'''

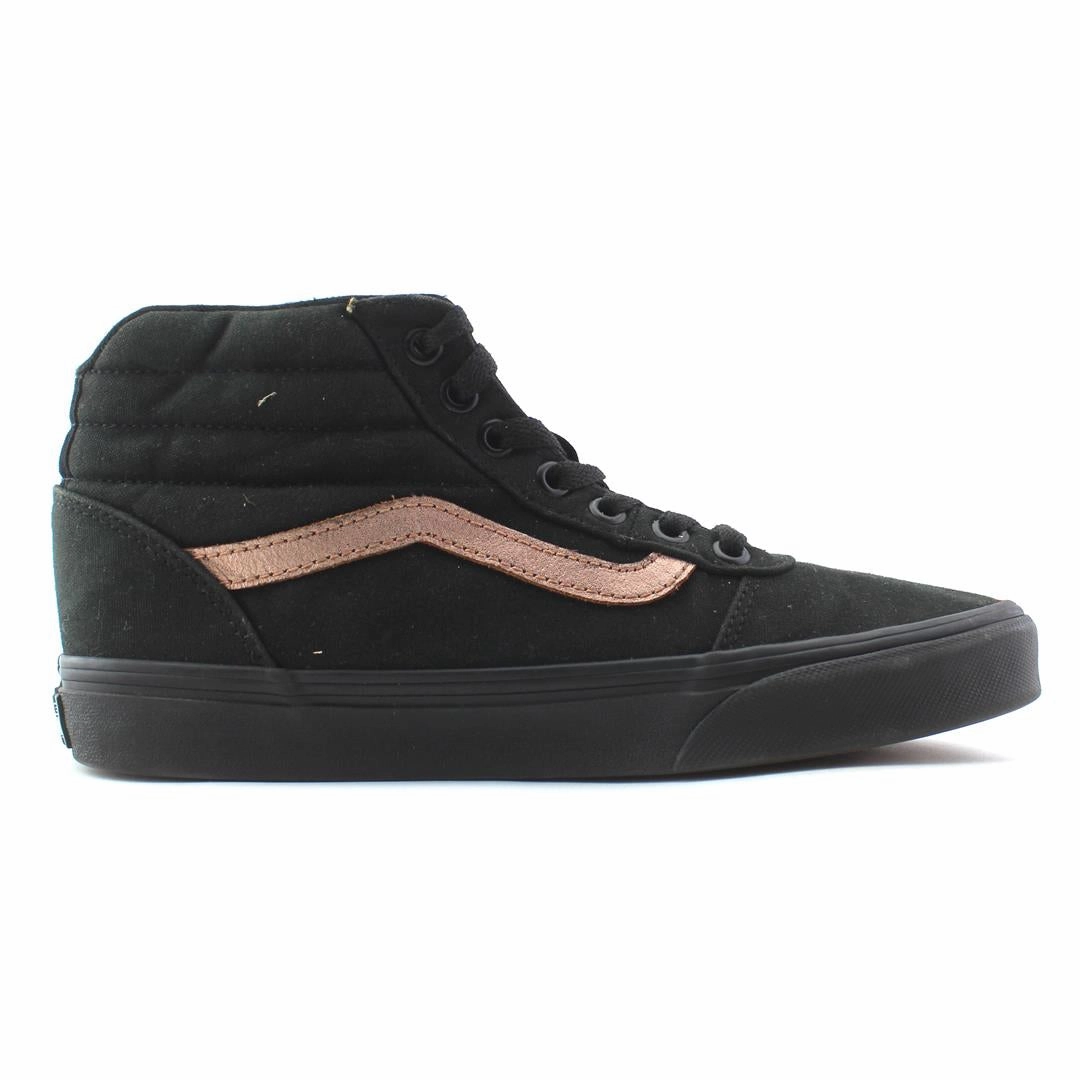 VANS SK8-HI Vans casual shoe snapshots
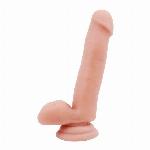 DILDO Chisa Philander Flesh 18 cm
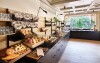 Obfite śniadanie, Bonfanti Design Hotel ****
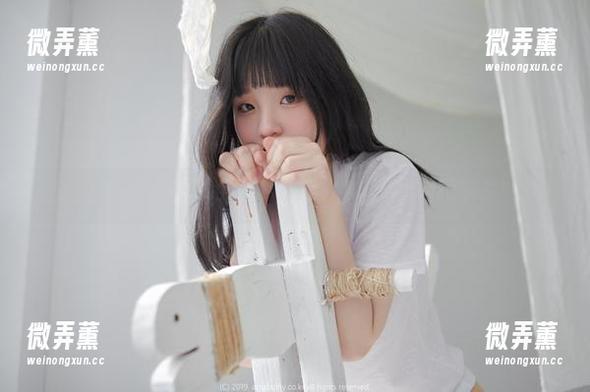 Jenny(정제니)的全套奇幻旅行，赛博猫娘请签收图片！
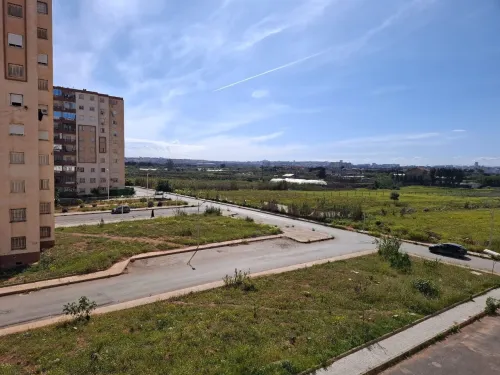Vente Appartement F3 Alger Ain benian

'''

### Work order
Set every record down verbatim. No pictures belong in the copy.

### Your response
 VANS SK8-HI Vans casual shoe snapshots
 DILDO Chisa Philander Flesh 18 cm
 Obfite śniadanie, Bonfanti Design Hotel ****
 Jenny(정제니)的全套奇幻旅行，赛博猫娘请签收图片！
Vente Appartement F3 Alger Ain benian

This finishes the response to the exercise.